Born 24 February 1836 in Boston, Massachusetts
Died 29 September 1910 in Scarborough, Maine
Buried Mount Auburn Cemetery, Cambridge, Massachusetts
Elected 2 December 1865 at age twenty-nine
How can one characterize a nation, and what do the critics indicate when they call the art of Winslow Homer peculiarly American—for nothing could be more unlike our ordinary selves than was this man who loved solitude and secluded himself even from men of his own craft, and who was never so little alone as when alone? It is not the bustling, materialistic, dilettante American which was incarnate in him; perhaps he the better represented that which is essential.
Born in Boston the record of his life omits the items found in our common biographies; he was graduated from no college and indebted to no great teacher. Self-inspired he was self-taught, a statement scarcely modified by the fact that in 1859 he attended the night classes in the National Academy of Design in New York, working all day at his trade of lithographer to make two ends meet and to pay tuition fees. On the outbreak of the war he was sent by the Harpers to the front where he distinguished himself, attracting finally wide attention. He exhibited his first picture in 1863 and became an Academician in 1865. He studied in Paris in 1867 and exhibited in the Salon the same year and again in 1877, and frequently elsewhere. In 1866 he helped originate the Water Color Society. After these early successes he long secluded himself only at last to win the greater recognition. He thought figure pieces, particularly negro studies, his specialty, but his passion was the sea, its vastness, its mass, its motion, its life, its virility, its spirit responding to his soul. How then could his art be trifling, minute, delicate, effeminate, and do we not love to think its strength, massiveness, and confidence truly, immortally American?
George William Knox
1911 Century Association Yearbook
Homer was born in Boston in 1836, where his mother was a gifted amateur watercolorist and was his first teacher. Homer did not receive any formal art training, but began his art career as an apprentice for a commercial lithographer.
In the late 1850s he began creating line art drawings from photographs for Harper’s Weekly. At the time pictures were printed by “stamping” them from a large wood block. Some illustrations in Harper’s include his signature in the corner of the illustration; some were attributed to him by name in the caption, and others are believed to be his because of the distinct style of the drawing.
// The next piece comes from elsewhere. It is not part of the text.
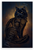 Black Persian Cat Mandala Pattern Abstract 12x18 US Made Poster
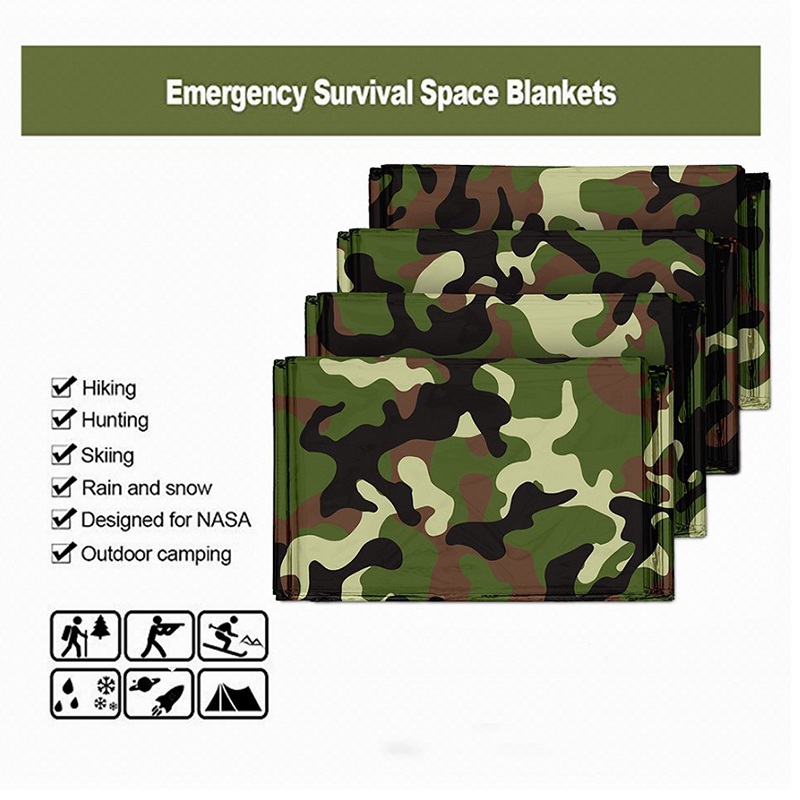 1pcs Emergency Thermal Blanket - Bivy Bag Emergency recension och pris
After the Civil War, Homer began a career as an artist, and painted several oils based on drawings he had done during the war. He went to France in 1867 and began painting landscapes, and by 1875 he stopped his work as a commercial lithographer, and focused on his painting. His 1872 painting Snap the Whip was very well received, and was displayed at the 1876 Centennial Exposition in Philadelphia.
Homer came to watercolors at the age of 37, already a mature artist. “You will see, in the future I will live by my watercolors,” he once remarked. As Robert Hughes commented, “. . . he did more than any other nineteenth-century American artist to establish watercolor as an important medium in this country. In structure and intensity, his best watercolors yield nothing to his larger paintings.”
In the 1880s he moved to Maine and began painting scenes of the sea and coast. While his early work captured the horror of the Civil War, towards the end of his life his paintings reflected the peace and serenity of the Maine Coast. Homer died at his studio in 1910. His Prout’s Neck studio is now owned by the Portland Museum of Art.